'yourfirmname.law' may soon become the default web-address format for the legal profession. Across the world, law firms are now able to sign-up for the more direct .law domain. It's not all or nothing either, firms may keep their traditional .com or .com.au address as well.
How did .law come to exist?
Over the following months and years, more websites will be available to choose from customised domains. The body that regulates the internet, ICANN, ended restrictions on the types of suffixes available for use in 2011. This began a push towards more direct suffixes, which we are starting to see now.
.law became available in October last year. Registrar 'Minds + Machines' has been awarded a 10-year exclusive agreement to register the new addresses. Several international top-tier firms were given free addresses to promote interest in the new domain. However most firms will have to pay a fee, starting at US$200/year.
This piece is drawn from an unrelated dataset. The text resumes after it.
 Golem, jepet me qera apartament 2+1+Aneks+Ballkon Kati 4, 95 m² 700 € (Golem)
Should my firm get an address?
.law addresses are restricted to qualified lawyers and registered legal practices. This may provide your firm a higher level of credibility among prospective clients. Additionally it helps reduce the likelihood of domain name squatters.
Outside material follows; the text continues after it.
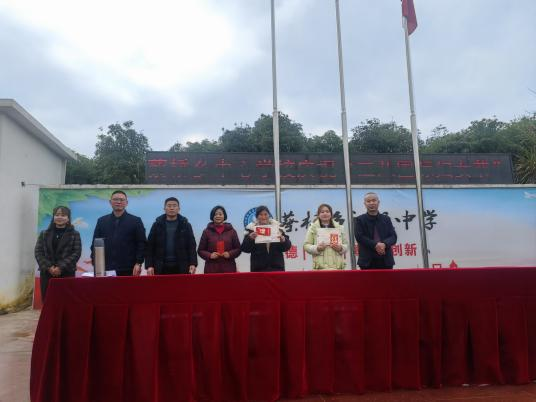 蔡橋鄉(xiāng)中心學校舉辦2025年“三八”婦女節(jié)拔河比賽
Further, your firm will be able to register any name available, going beyond your firm's name. For example, 'crim.law' and 'qld.law' are available at the time of writing. Prices vary depending on desirability.
A speed-bump with the new domain suffix is that it is not well known to the general public. But this presents an opportunity to snap-up desirable domain names, like the examples above, before other firms.
The decision whether to get a .law firm will ultimately come down to your legal practice's priorities. It may offer an improved web presence and image of professionalism. Like all the new web address domains, we are yet to see if they will take-off.